_What to work on:_ Each line, starting at the one with "진장파크골프장 화장실 | 울산 북구 진장파크골프장 예약 및 이용방법(정리)" and running to the end of the data below, is to be set down again exactly, both ends included; leave pictures out.

_Data below:_
>>>
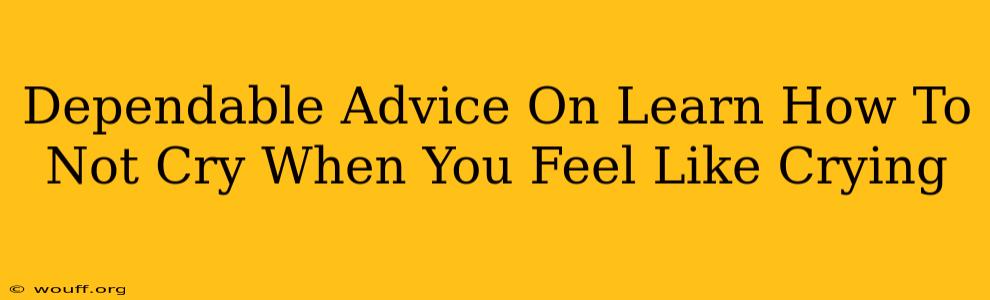 Dependable Advice On Learn How To Not Cry When You Feel Like Crying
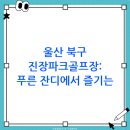 진장파크골프장 화장실 | 울산 북구 진장파크골프장 예약 및 이용방법(정리)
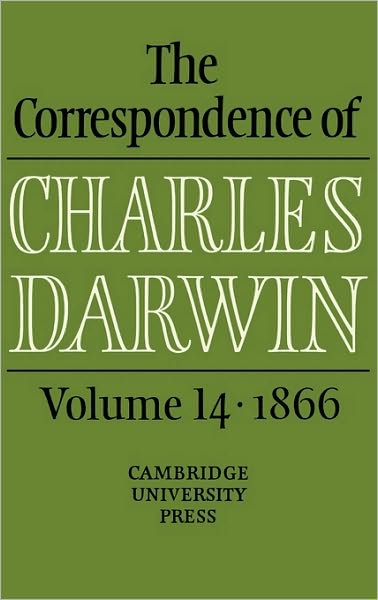 Cover for Charles Darwin · The Correspondence of Charles Darwin: Volume 14, 1866 - The Correspondence of Charles Darwin (Hardcover Book) (2005)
<<<
_Task result:_
 진장파크골프장 화장실 | 울산 북구 진장파크골프장 예약 및 이용방법(정리)
 Cover for Charles Darwin · The Correspondence of Charles Darwin: Volume 14, 1866 - The Correspondence of Charles Darwin (Hardcover Book) (2005)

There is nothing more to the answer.